INPUT MATERIAL =
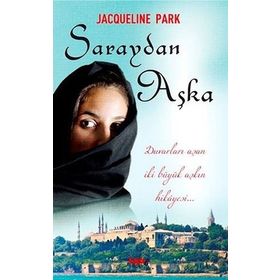 Saraydan Aşka - Jacqueline Park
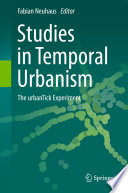Studies in temporal urbanism : the urbanTick experiment /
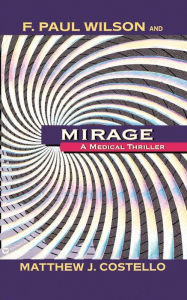 Title: Mirage, Author: F. Paul Wilson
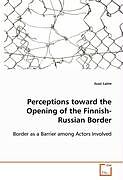 Kartonierter Einband Perceptions toward the Opening of the Finnish-Russian Border von Jussi Laine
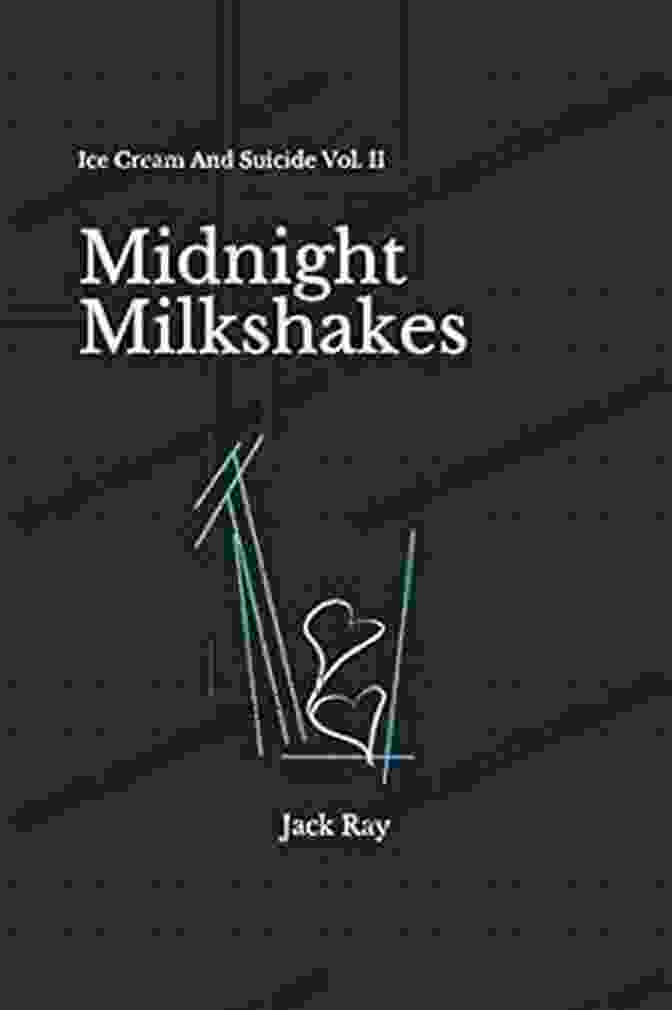 Midnight Milkshakes: Ice Cream And Suicide, Vol. II Midnight Milkshakes: Ice Cream And Suicide Vol II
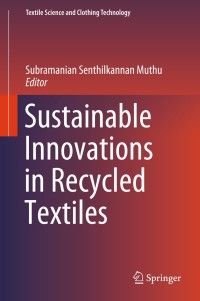 Cover image: Sustainable Innovations in Recycled Textiles 9789811085147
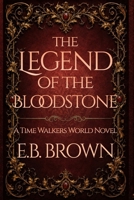 The Legend of the Bloodstone 0615701221 Book Cover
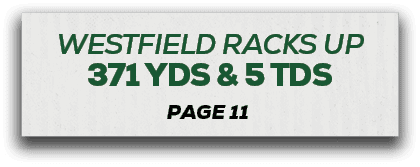 page 11,westfield racks up 371 yds & 5 td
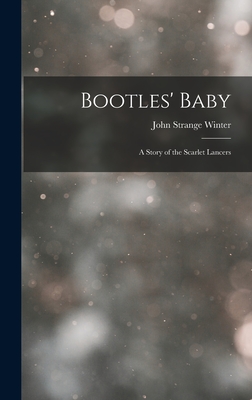 Bootles' Baby: A Story of the Scarlet Lancers - Winter, John Strange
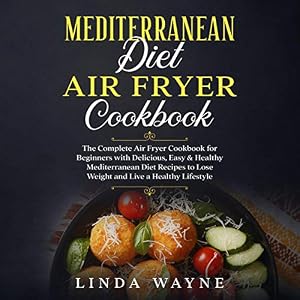 Mediterranean Diet Air Fryer Cookbook: The Complete Air Fryer Cookbook for Beginners with Delicious, Easy & Healthy Mediterranean Diet Recipes to Lose Weight and Live a Healthy Lifestyle by Linda Wayne
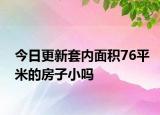 今日更新套內(nèi)面積76平米的房子小嗎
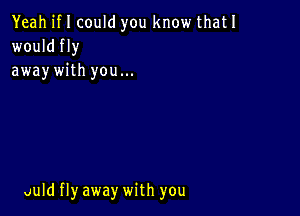 Yeah if I could you know thatl
wouldfly
awaywith you...

uuld flyaway with you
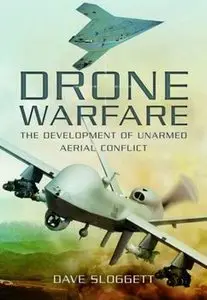 Drone Warfare: The Development of Unmanned Aerial Conflict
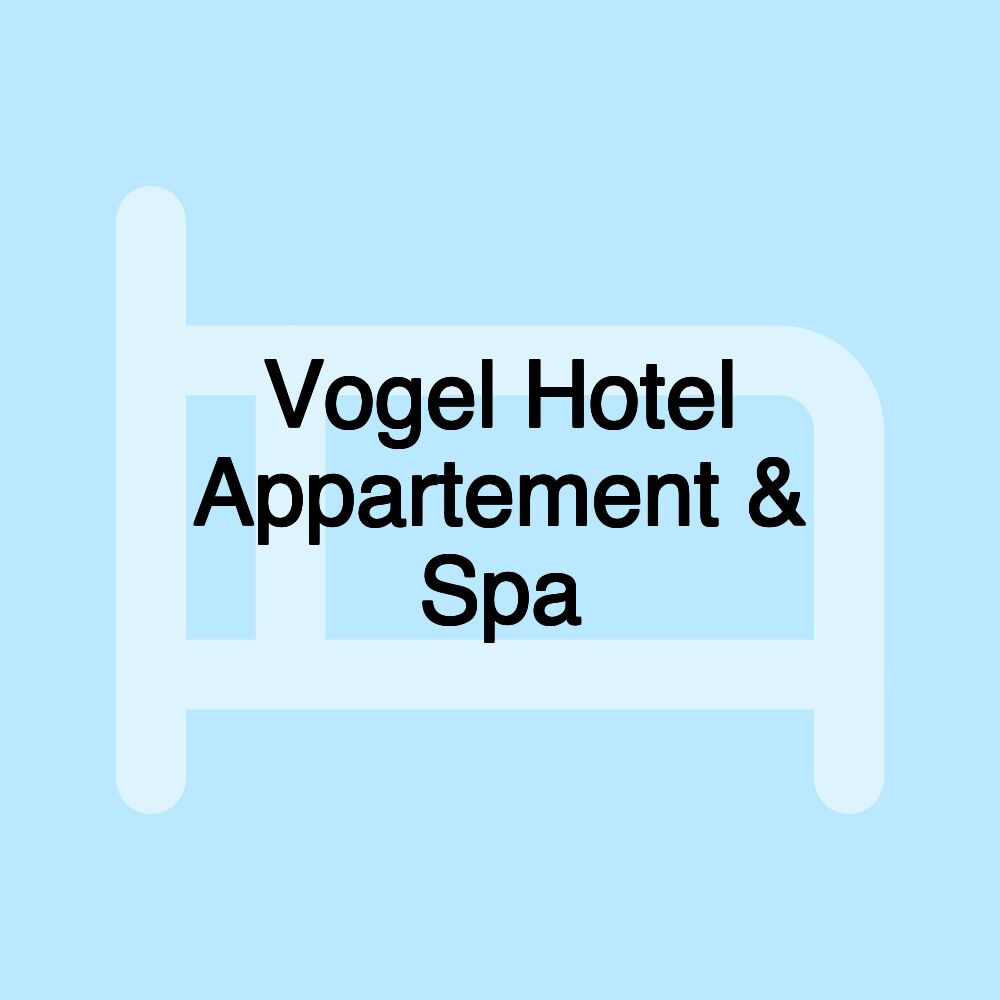 Vogel Hotel Appartement & Spa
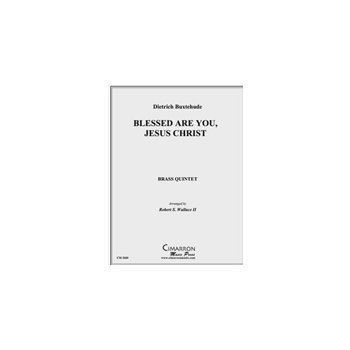 Blessed Are You, Jesus Christ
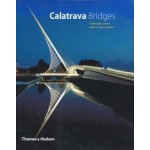 Calatrava Bridges | Alexander Tzonis, Rebeca Caso Donadei | 9780500285794 | Thames & Hudson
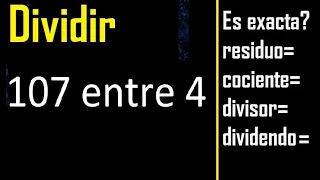 Dividir 107 entre 4 , residuo , es exacta o inexacta la division , cociente dividendo divisor ?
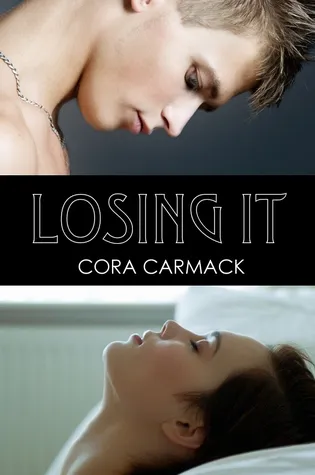 Cover of Losing It (Losing It, #1)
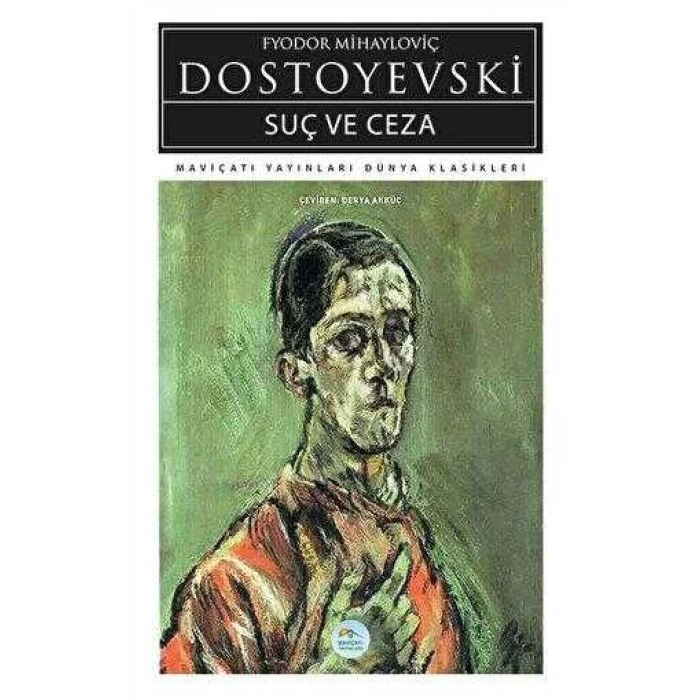 Suç Ve Ceza-Dostoyevski-Mavi Çatı Yayınları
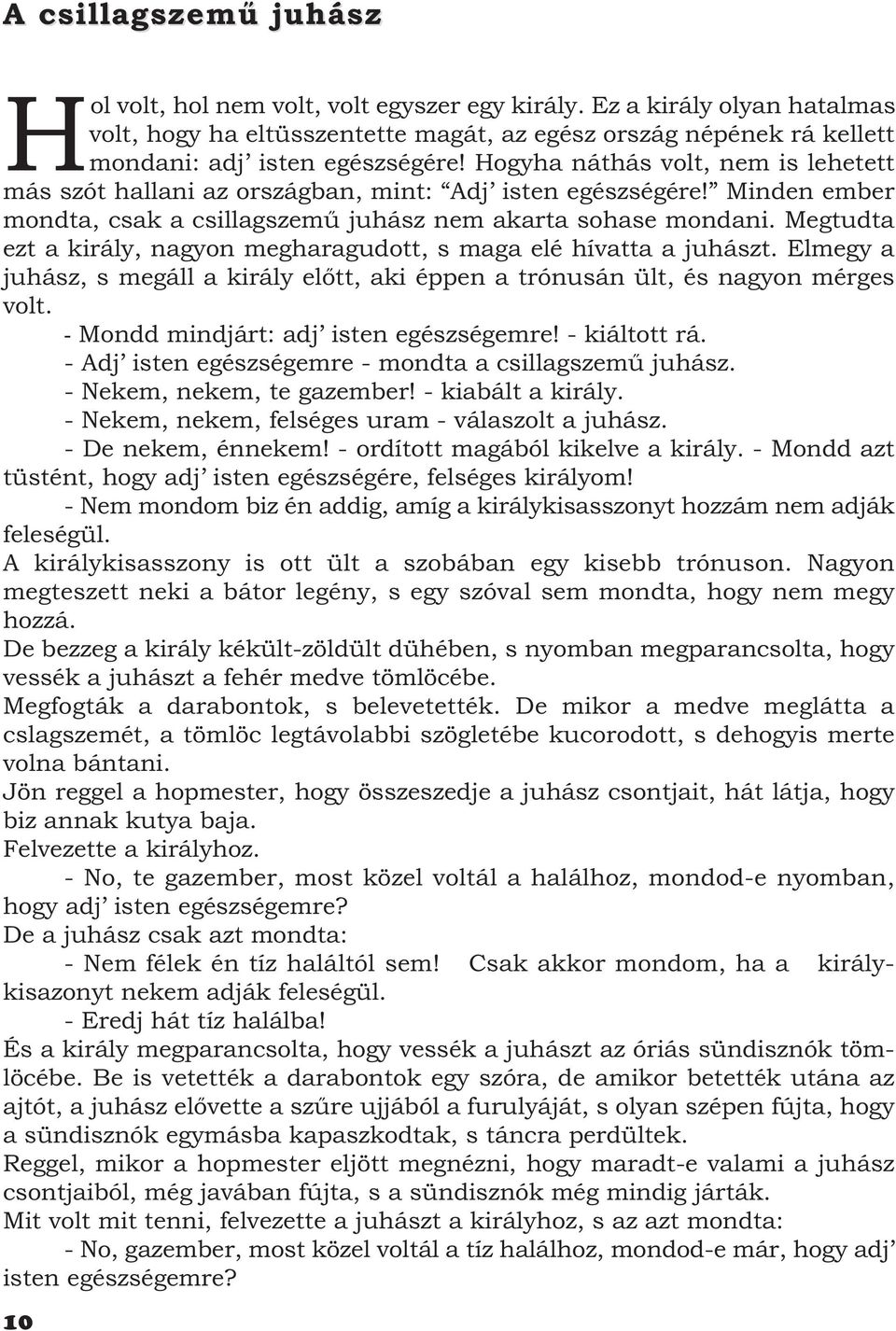 Megtudta ezt a király, nagyon megharagudott, s maga elé hívatta a juhászt. Elmegy a juhász, s megáll a király előtt, aki éppen a trónusán ült, és nagyon mérges volt.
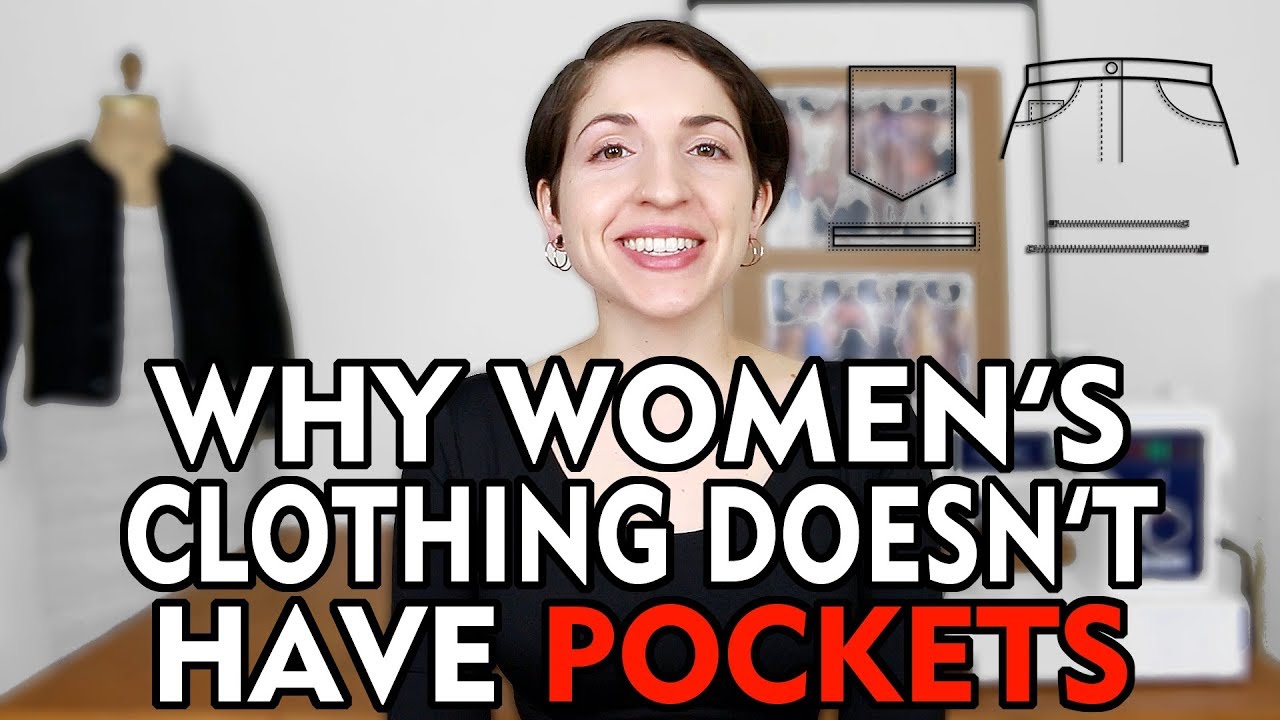 3 Reasons Women's Clothing Doesn't Have Pockets YouTube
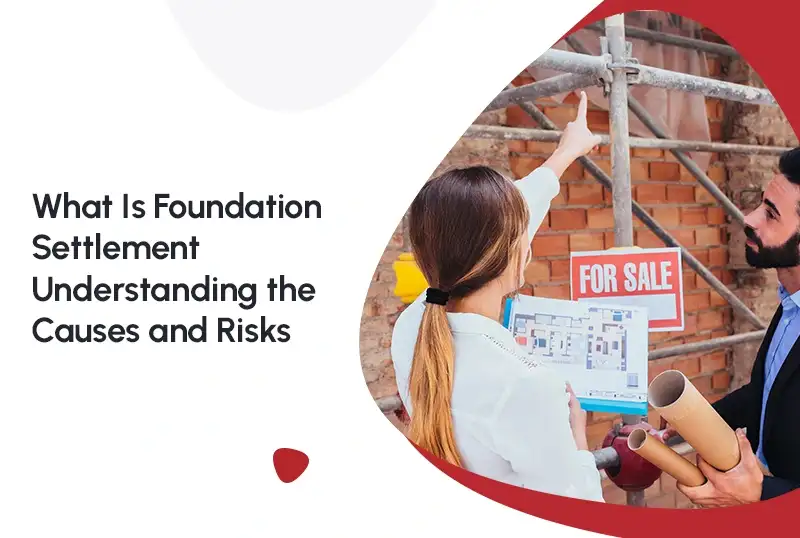 What Is Foundation Settlement? Understanding the Causes and Risks — FNF Foundation Repair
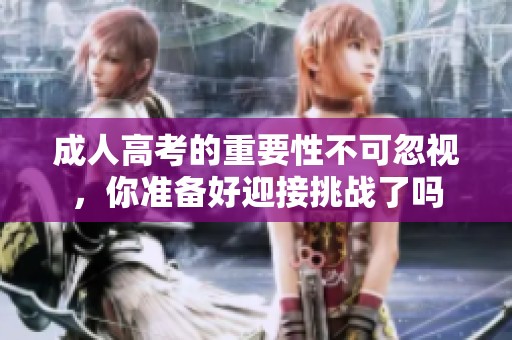 **高考的重要性不可忽视，你准备好迎接挑战了吗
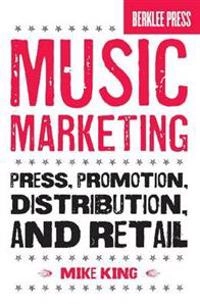Music Marketing; Mike King, Jonathan Feist; 2009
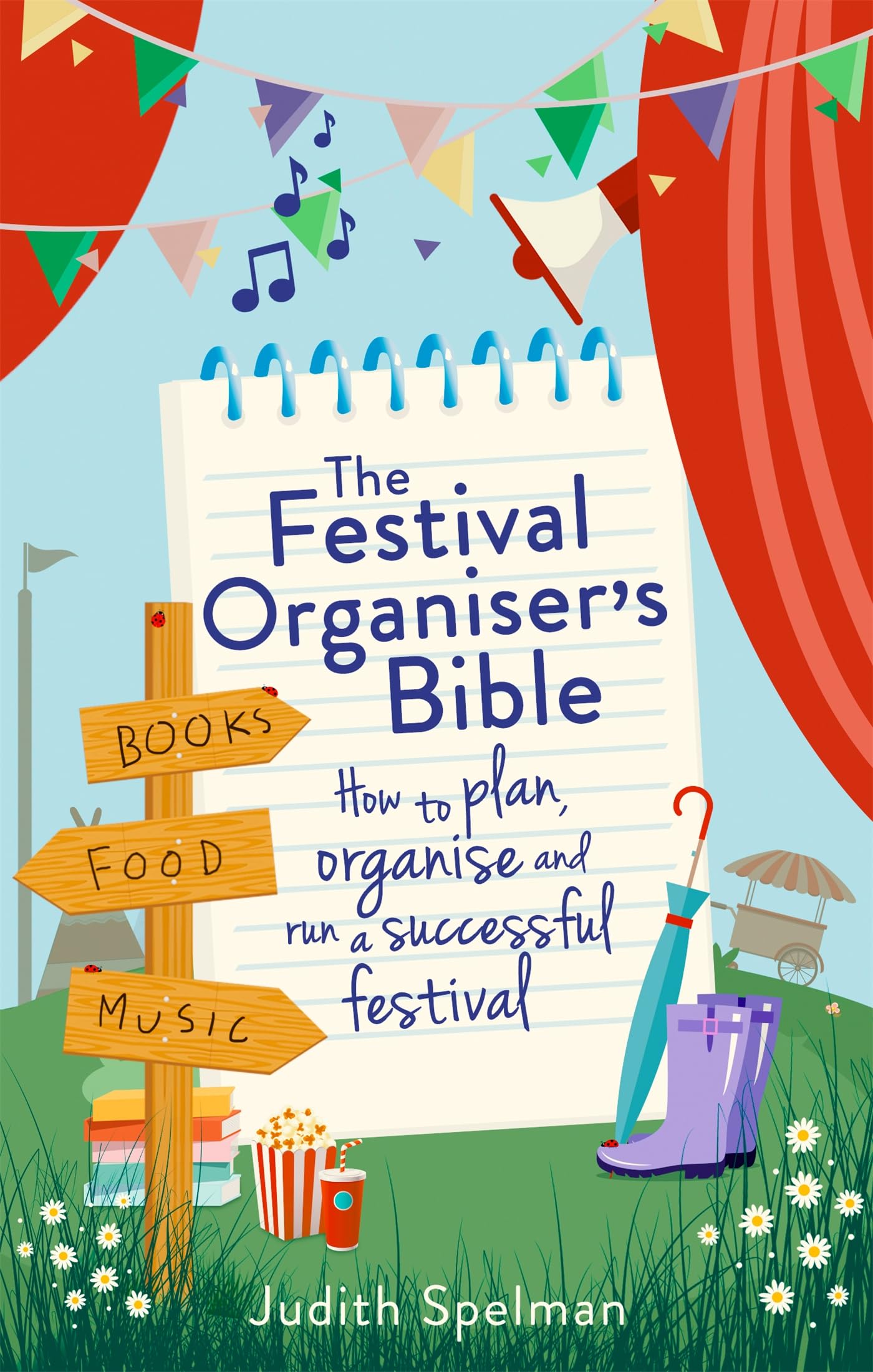 Festival Organisers Bible by Judith Spelman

TASK BRIEF = Every record above should be duplicated precisely, with the images removed.

ANSWER SPACE =
 Saraydan Aşka - Jacqueline Park
Studies in temporal urbanism : the urbanTick experiment /
 Title: Mirage, Author: F. Paul Wilson
 Kartonierter Einband Perceptions toward the Opening of the Finnish-Russian Border von Jussi Laine
 Midnight Milkshakes: Ice Cream And Suicide, Vol. II Midnight Milkshakes: Ice Cream And Suicide Vol II
 Cover image: Sustainable Innovations in Recycled Textiles 9789811085147
 The Legend of the Bloodstone 0615701221 Book Cover
 page 11,westfield racks up 371 yds & 5 td
 Bootles' Baby: A Story of the Scarlet Lancers - Winter, John Strange
 Mediterranean Diet Air Fryer Cookbook: The Complete Air Fryer Cookbook for Beginners with Delicious, Easy & Healthy Mediterranean Diet Recipes to Lose Weight and Live a Healthy Lifestyle by Linda Wayne
 今日更新套內(nèi)面積76平米的房子小嗎
 Yeah if I could you know thatl
wouldfly
awaywith you...

uuld flyaway with you
 Drone Warfare: The Development of Unmanned Aerial Conflict
 Vogel Hotel Appartement & Spa
 Blessed Are You, Jesus Christ
 Calatrava Bridges | Alexander Tzonis, Rebeca Caso Donadei | 9780500285794 | Thames & Hudson
 Dividir 107 entre 4 , residuo , es exacta o inexacta la division , cociente dividendo divisor ?
 Cover of Losing It (Losing It, #1)
 Suç Ve Ceza-Dostoyevski-Mavi Çatı Yayınları
 Megtudta ezt a király, nagyon megharagudott, s maga elé hívatta a juhászt. Elmegy a juhász, s megáll a király előtt, aki éppen a trónusán ült, és nagyon mérges volt.
 3 Reasons Women's Clothing Doesn't Have Pockets YouTube
 What Is Foundation Settlement? Understanding the Causes and Risks — FNF Foundation Repair
 **高考的重要性不可忽视，你准备好迎接挑战了吗
Music Marketing; Mike King, Jonathan Feist; 2009
 Festival Organisers Bible by Judith Spelman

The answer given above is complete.